*** Block opens ***
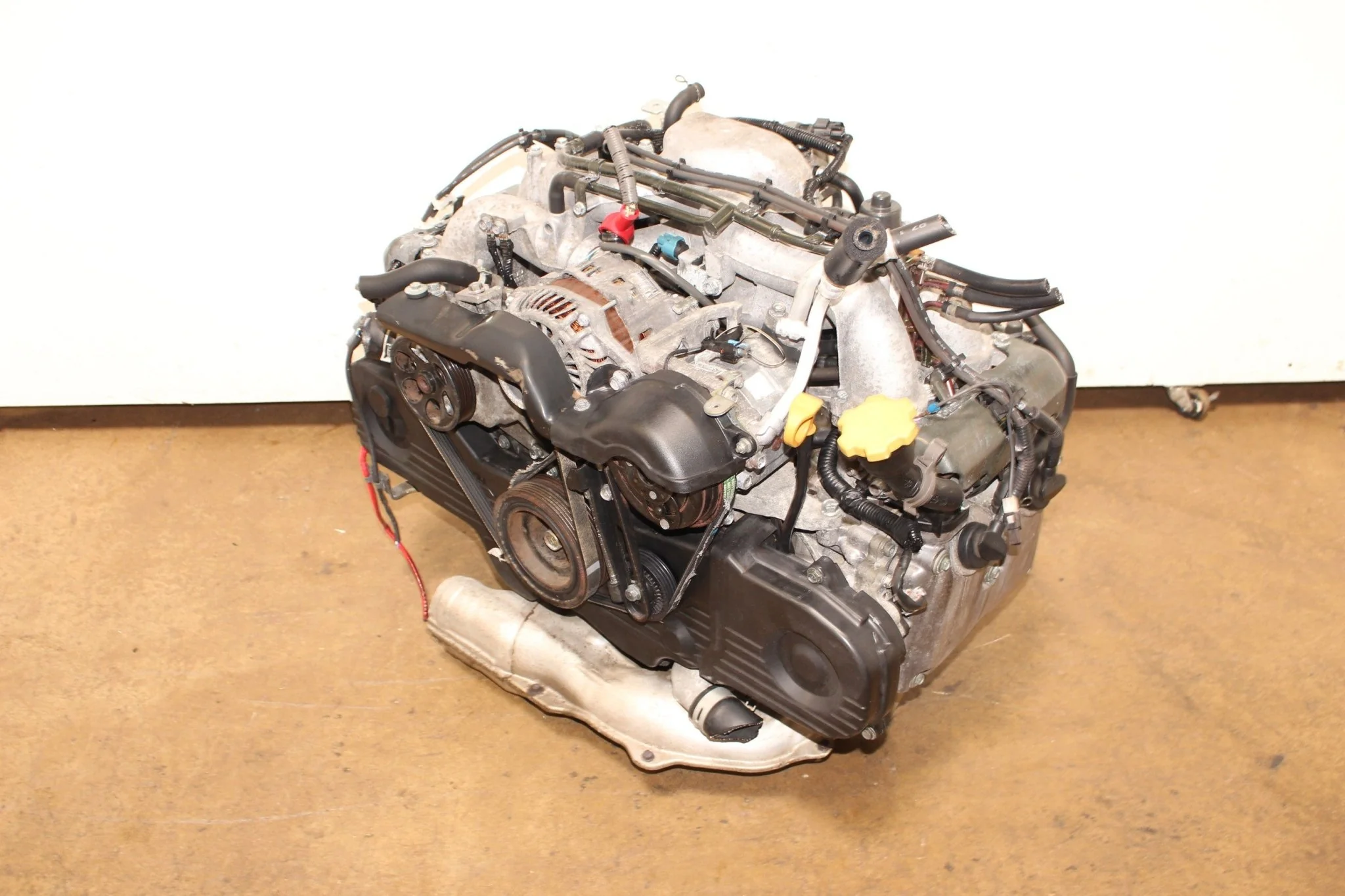 2000-2005 Subaru Legacy JDM Engine 2.0L SOHC EJ20 - EJ25 2.5L Replacement JDM Motor - Image 4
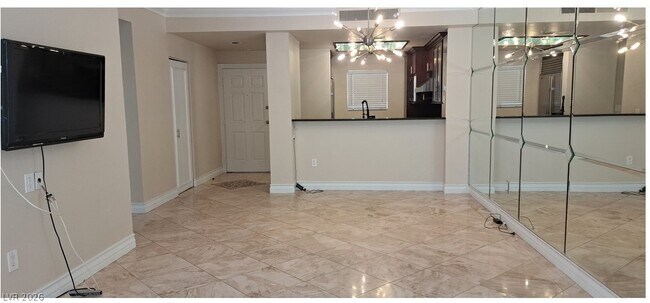 Building Photo - 270 E Flamingo Rd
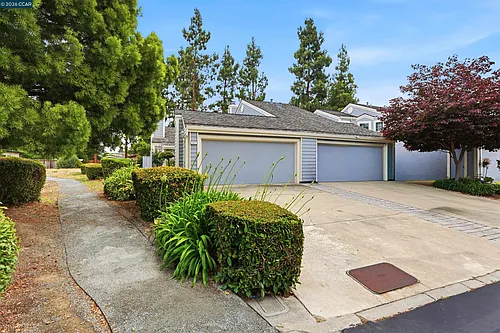 177 Northwood Cmns Photo 1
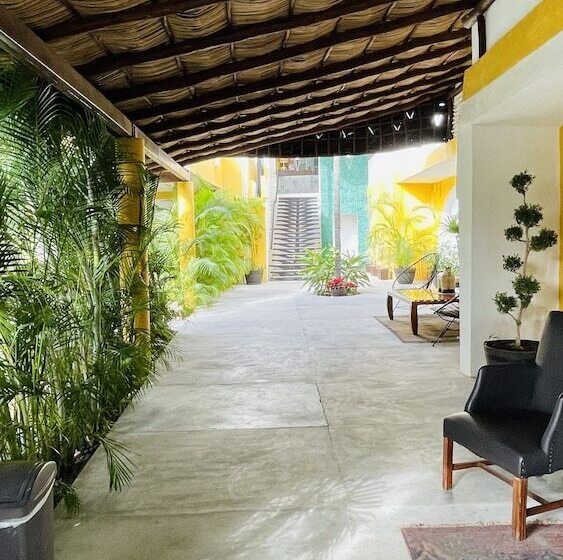 فندق فئة نجمة واحدة H.ixaya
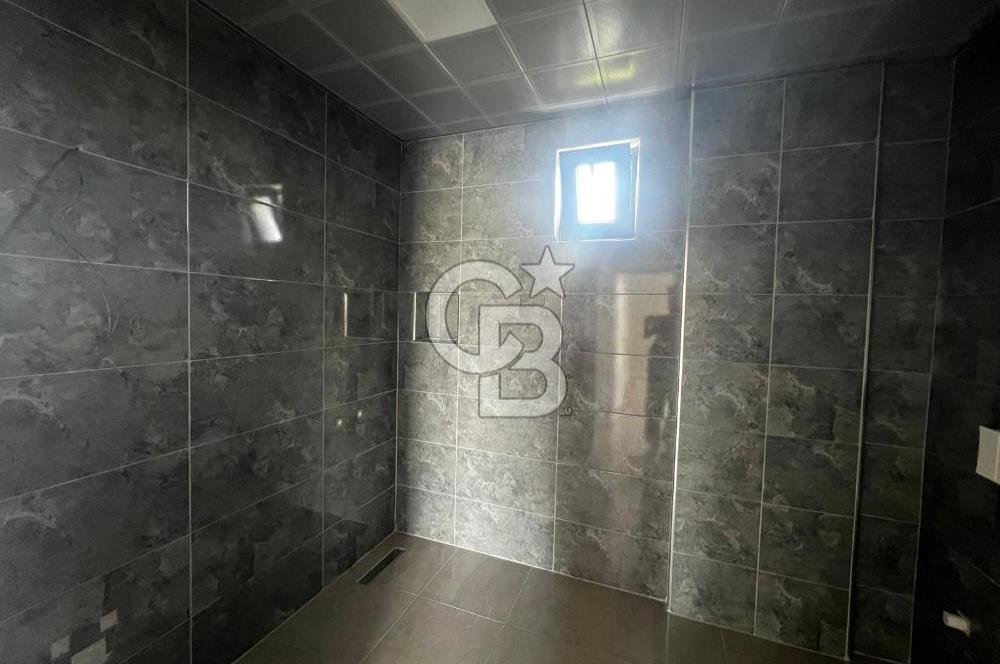 ŞEHİTALİ PET KONUT SİTESİTESİNDE SATILIK 4+2 TAM MÜSTAKİL VİLLA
*** Block closes ***
__Work order__
For each line above, output its wording exactly and leave out any picture.

__Your response__
 2000-2005 Subaru Legacy JDM Engine 2.0L SOHC EJ20 - EJ25 2.5L Replacement JDM Motor - Image 4
 Building Photo - 270 E Flamingo Rd
 177 Northwood Cmns Photo 1
 فندق فئة نجمة واحدة H.ixaya
 ŞEHİTALİ PET KONUT SİTESİTESİNDE SATILIK 4+2 TAM MÜSTAKİL VİLLA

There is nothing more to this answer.